◆ **GIVEN INFORMATION**:
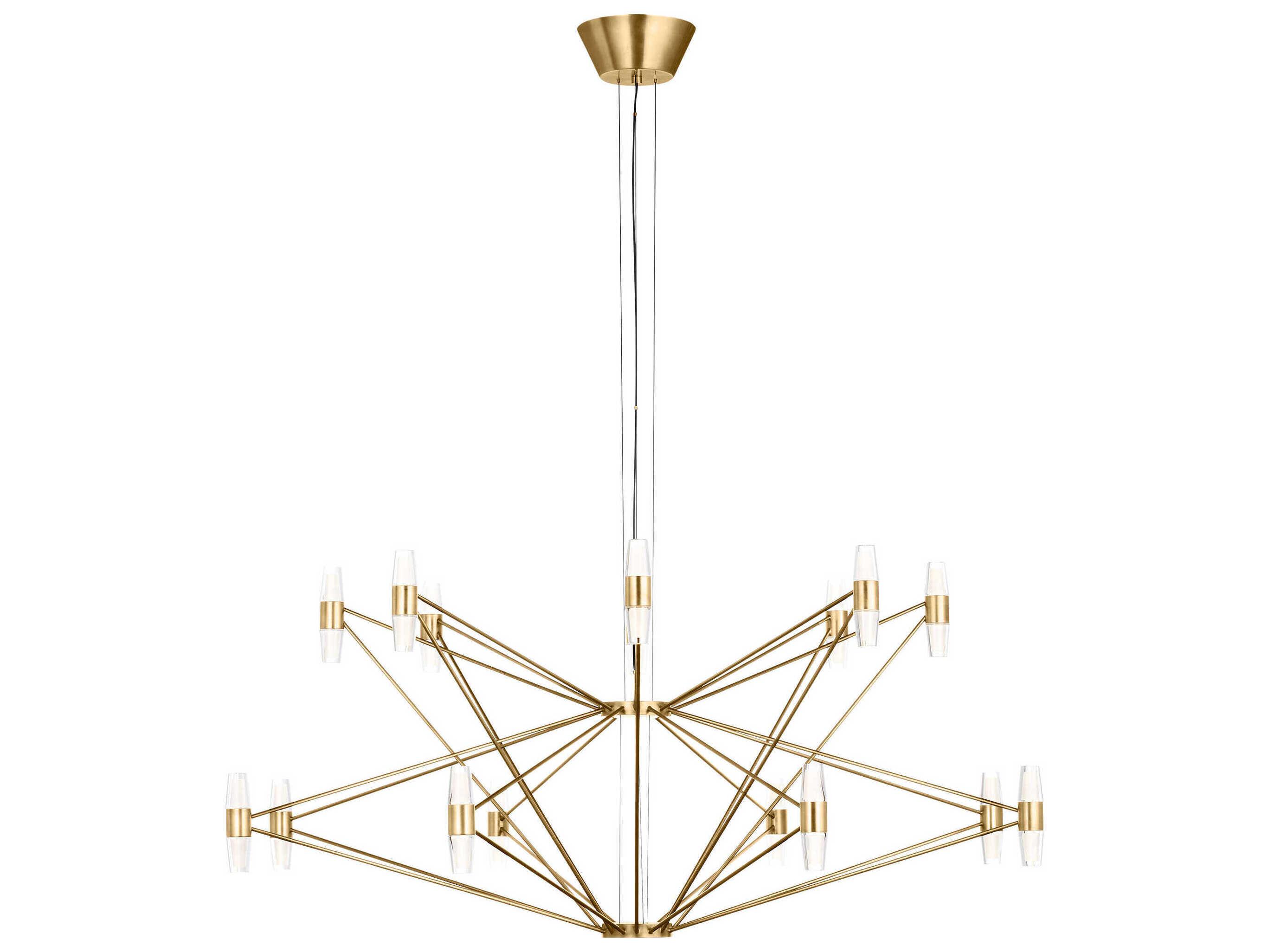 Visual Comfort Modern Lassell 48-Light Natural Brass Geometric Tiered Chandelier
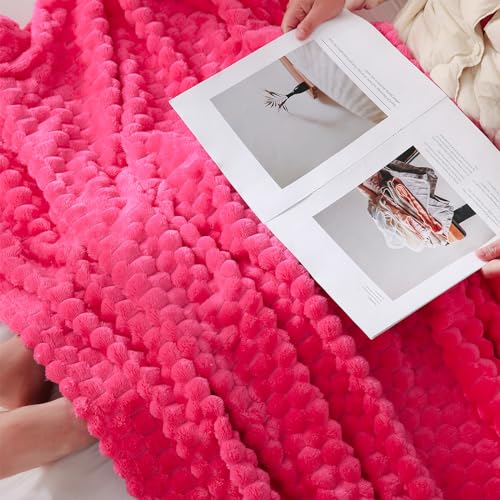 Hot Pink Throw Blanket 50x60 - Soft 3D Jacquard Flannel Fleece Plush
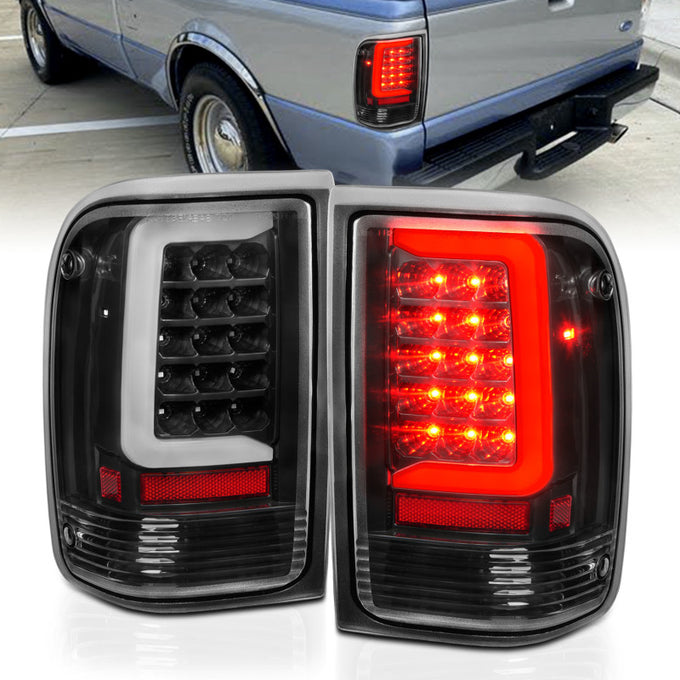 Black Housing LED Taillights <br> 93-97 Ford Ranger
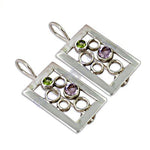 Load image into Gallery viewer, 925 Silver Amethyst &amp; Peridot Earrings for Women | Gemstone Jewelry
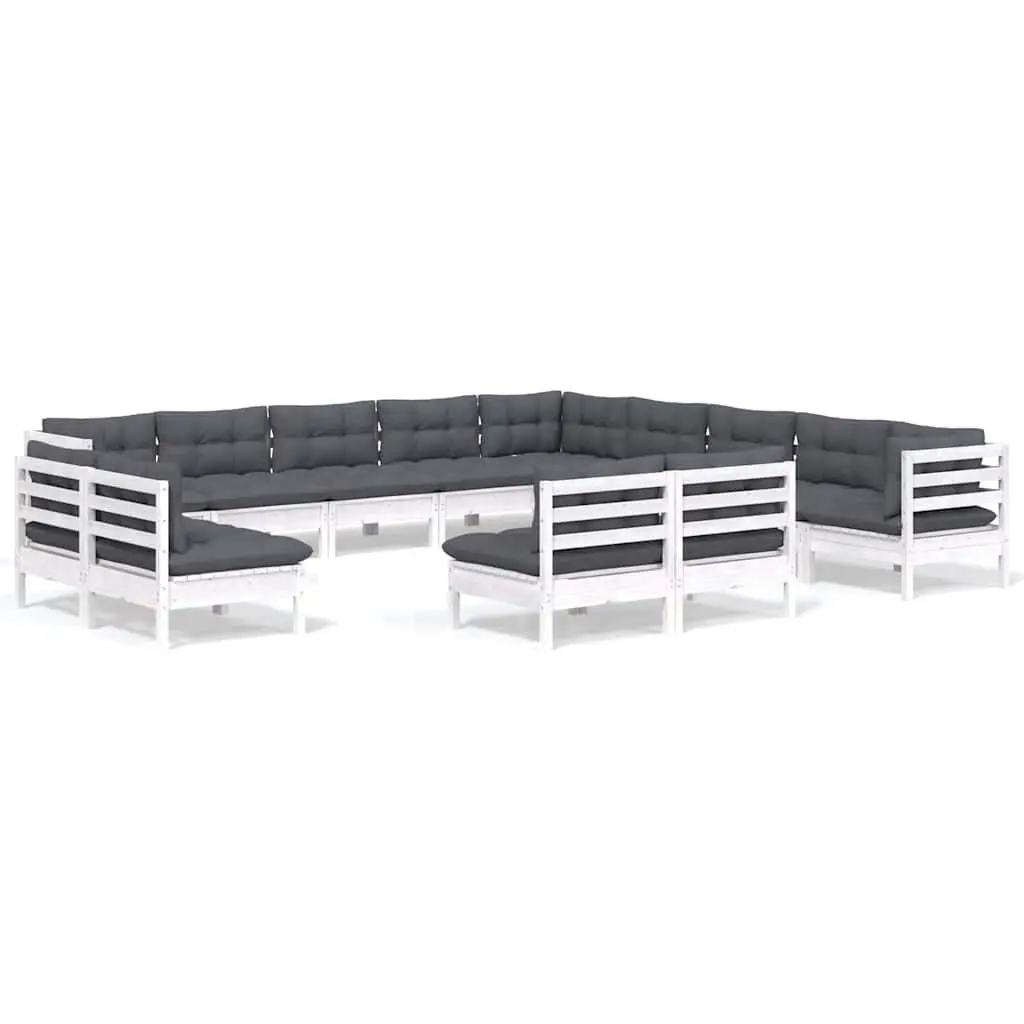 Garden Lounge Set 13 Piece Outdoor Furniture White Patio Sofa with Cushions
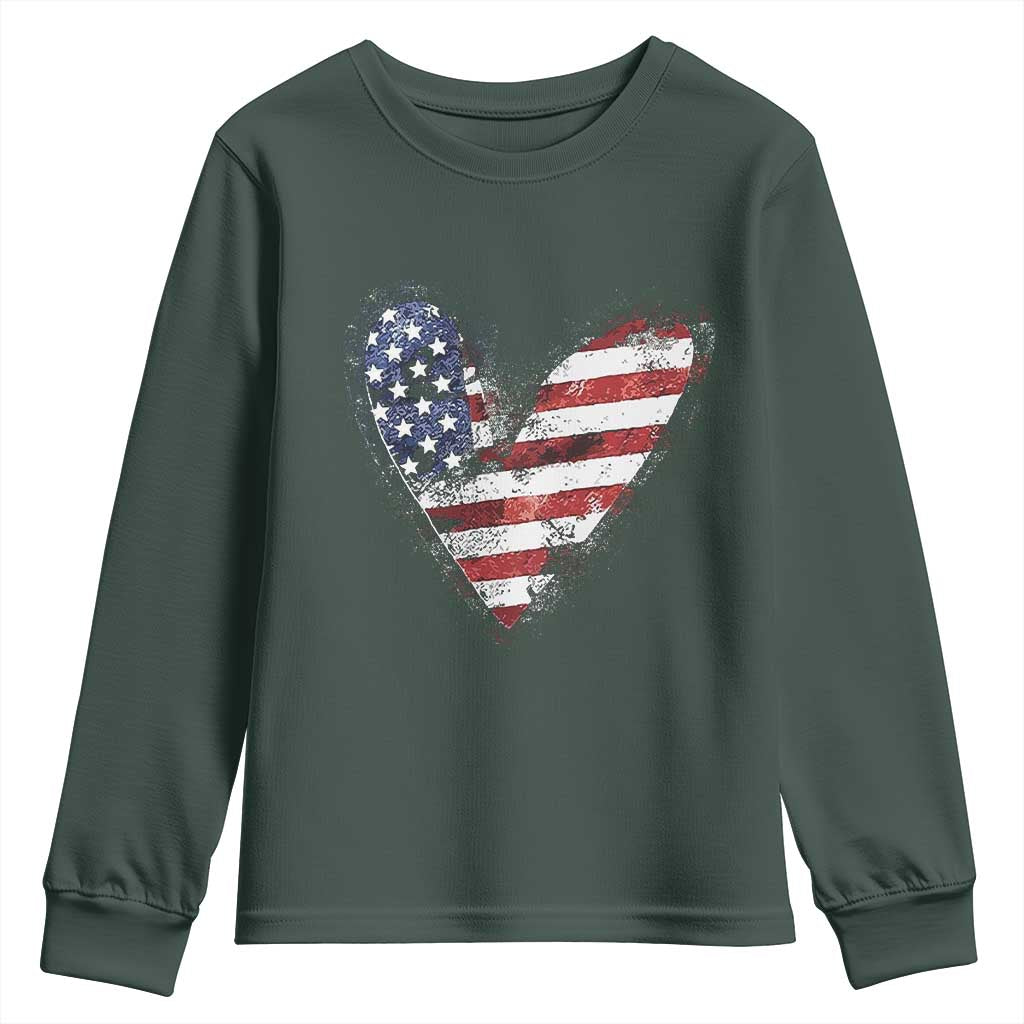 4th of July American Flag Heart USA Patriotic Youth Sweatshirt TS11 Dark Forest Green Print Your Wear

◆ **TASK DIRECTIONS**: From the first record above to the last, output each one exactly and omit the pictures.

◆ **ANSWER TO THE EXERCISE**:
 Visual Comfort Modern Lassell 48-Light Natural Brass Geometric Tiered Chandelier
 Hot Pink Throw Blanket 50x60 - Soft 3D Jacquard Flannel Fleece Plush
 Black Housing LED Taillights <br> 93-97 Ford Ranger
 Load image into Gallery viewer, 925 Silver Amethyst &amp; Peridot Earrings for Women | Gemstone Jewelry
 Garden Lounge Set 13 Piece Outdoor Furniture White Patio Sofa with Cushions
 4th of July American Flag Heart USA Patriotic Youth Sweatshirt TS11 Dark Forest Green Print Your Wear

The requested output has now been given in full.